Scan the records below for the line containing "Enlarge Supernova, a" and the line containing "Soveliss (@soveliss42) 's Twitter Profile". Copy both, plus every line between, exactly.

***** SUPPLIED INFORMATION *****

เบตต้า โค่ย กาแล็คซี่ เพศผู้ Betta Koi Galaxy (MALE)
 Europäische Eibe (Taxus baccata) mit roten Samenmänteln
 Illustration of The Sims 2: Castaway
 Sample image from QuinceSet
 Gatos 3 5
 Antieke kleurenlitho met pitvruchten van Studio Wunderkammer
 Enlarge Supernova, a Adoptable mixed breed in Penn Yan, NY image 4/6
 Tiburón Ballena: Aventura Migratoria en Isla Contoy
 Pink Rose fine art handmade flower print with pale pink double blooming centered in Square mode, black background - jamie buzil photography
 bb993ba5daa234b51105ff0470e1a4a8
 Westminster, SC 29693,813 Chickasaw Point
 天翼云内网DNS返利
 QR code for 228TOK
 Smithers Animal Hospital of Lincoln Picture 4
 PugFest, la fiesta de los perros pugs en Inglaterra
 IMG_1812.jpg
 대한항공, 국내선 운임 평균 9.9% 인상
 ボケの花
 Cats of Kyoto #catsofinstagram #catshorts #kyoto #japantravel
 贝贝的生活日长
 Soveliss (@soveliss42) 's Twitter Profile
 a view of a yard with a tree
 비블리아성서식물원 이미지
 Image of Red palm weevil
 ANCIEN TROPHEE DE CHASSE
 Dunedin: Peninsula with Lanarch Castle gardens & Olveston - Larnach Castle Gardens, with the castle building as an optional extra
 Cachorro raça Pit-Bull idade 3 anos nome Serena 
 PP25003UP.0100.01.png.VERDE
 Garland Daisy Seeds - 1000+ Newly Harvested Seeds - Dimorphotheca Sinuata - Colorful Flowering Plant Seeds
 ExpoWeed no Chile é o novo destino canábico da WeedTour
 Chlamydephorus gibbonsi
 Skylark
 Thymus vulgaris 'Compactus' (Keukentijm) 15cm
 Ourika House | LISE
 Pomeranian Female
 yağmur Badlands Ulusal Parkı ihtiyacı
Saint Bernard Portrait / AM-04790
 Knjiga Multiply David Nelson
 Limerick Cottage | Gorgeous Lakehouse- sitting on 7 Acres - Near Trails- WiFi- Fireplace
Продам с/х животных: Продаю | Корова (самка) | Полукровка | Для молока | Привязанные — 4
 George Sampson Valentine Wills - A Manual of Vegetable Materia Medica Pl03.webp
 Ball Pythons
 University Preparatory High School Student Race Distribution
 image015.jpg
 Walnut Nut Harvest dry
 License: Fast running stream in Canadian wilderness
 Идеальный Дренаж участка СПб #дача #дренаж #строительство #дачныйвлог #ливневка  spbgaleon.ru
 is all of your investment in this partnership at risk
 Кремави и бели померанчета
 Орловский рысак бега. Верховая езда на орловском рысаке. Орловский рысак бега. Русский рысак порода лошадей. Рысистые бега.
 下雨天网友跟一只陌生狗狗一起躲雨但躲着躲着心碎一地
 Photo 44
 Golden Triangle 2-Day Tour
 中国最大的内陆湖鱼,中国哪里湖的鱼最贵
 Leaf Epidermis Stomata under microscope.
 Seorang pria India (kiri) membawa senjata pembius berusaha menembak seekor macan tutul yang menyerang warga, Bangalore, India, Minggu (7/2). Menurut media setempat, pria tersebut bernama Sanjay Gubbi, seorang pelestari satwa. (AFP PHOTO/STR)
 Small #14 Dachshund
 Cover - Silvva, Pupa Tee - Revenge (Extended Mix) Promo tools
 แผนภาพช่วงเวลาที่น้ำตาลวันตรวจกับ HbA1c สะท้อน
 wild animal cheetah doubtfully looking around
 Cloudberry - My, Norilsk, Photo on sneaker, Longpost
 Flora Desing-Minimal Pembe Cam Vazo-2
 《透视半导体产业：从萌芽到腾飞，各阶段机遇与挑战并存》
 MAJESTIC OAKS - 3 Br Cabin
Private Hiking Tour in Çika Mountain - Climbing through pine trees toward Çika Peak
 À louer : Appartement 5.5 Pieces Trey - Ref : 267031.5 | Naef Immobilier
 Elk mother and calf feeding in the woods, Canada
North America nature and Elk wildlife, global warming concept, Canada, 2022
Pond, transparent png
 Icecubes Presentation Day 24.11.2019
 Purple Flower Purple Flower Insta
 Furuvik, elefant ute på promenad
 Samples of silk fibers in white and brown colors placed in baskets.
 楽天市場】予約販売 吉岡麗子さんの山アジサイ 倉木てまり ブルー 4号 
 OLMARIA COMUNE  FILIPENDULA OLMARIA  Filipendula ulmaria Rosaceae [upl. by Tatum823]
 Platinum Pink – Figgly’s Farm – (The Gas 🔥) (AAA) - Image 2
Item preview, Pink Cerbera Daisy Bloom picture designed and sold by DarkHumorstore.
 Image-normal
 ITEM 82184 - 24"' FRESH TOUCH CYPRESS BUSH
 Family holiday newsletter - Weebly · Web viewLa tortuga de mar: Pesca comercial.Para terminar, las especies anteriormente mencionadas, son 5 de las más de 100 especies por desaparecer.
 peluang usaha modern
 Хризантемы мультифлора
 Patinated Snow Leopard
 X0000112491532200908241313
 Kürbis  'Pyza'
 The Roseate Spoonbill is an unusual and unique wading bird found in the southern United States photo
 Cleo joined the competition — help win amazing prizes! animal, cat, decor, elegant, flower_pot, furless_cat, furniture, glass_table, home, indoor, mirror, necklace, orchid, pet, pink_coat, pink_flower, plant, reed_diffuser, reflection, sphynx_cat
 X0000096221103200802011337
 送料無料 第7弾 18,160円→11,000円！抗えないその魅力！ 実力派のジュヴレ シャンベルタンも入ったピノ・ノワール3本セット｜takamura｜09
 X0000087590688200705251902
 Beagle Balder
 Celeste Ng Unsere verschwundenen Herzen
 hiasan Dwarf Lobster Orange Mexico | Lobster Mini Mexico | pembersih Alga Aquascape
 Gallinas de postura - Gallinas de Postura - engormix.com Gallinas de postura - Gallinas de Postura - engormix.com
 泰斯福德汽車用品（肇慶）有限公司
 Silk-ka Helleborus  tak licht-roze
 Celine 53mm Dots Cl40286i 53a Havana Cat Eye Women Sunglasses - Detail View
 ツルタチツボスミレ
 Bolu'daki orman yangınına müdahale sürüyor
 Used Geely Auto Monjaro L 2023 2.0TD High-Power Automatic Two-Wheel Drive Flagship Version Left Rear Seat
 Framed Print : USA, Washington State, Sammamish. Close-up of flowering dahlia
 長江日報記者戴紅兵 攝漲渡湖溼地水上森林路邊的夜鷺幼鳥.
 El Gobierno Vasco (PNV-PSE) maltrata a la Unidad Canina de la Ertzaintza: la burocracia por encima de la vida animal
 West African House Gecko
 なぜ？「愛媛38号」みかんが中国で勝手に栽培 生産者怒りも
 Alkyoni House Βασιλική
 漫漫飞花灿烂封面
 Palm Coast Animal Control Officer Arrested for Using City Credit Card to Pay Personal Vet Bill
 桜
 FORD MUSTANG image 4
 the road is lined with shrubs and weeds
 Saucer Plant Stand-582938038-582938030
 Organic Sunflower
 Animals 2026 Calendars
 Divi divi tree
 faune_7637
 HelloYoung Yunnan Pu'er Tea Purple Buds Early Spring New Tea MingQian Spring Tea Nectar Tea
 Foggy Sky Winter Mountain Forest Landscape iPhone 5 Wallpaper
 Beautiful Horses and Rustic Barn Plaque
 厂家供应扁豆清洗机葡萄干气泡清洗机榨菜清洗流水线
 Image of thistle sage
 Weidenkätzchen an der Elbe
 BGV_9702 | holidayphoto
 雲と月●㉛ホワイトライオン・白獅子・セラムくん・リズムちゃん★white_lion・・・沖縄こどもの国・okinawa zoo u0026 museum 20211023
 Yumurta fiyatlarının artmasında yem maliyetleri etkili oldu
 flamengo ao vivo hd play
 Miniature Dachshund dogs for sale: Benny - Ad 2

*****

ANSWER BOX -
 Enlarge Supernova, a Adoptable mixed breed in Penn Yan, NY image 4/6
 Tiburón Ballena: Aventura Migratoria en Isla Contoy
 Pink Rose fine art handmade flower print with pale pink double blooming centered in Square mode, black background - jamie buzil photography
 bb993ba5daa234b51105ff0470e1a4a8
 Westminster, SC 29693,813 Chickasaw Point
 天翼云内网DNS返利
 QR code for 228TOK
 Smithers Animal Hospital of Lincoln Picture 4
 PugFest, la fiesta de los perros pugs en Inglaterra
 IMG_1812.jpg
 대한항공, 국내선 운임 평균 9.9% 인상
 ボケの花
 Cats of Kyoto #catsofinstagram #catshorts #kyoto #japantravel
 贝贝的生活日长
 Soveliss (@soveliss42) 's Twitter Profile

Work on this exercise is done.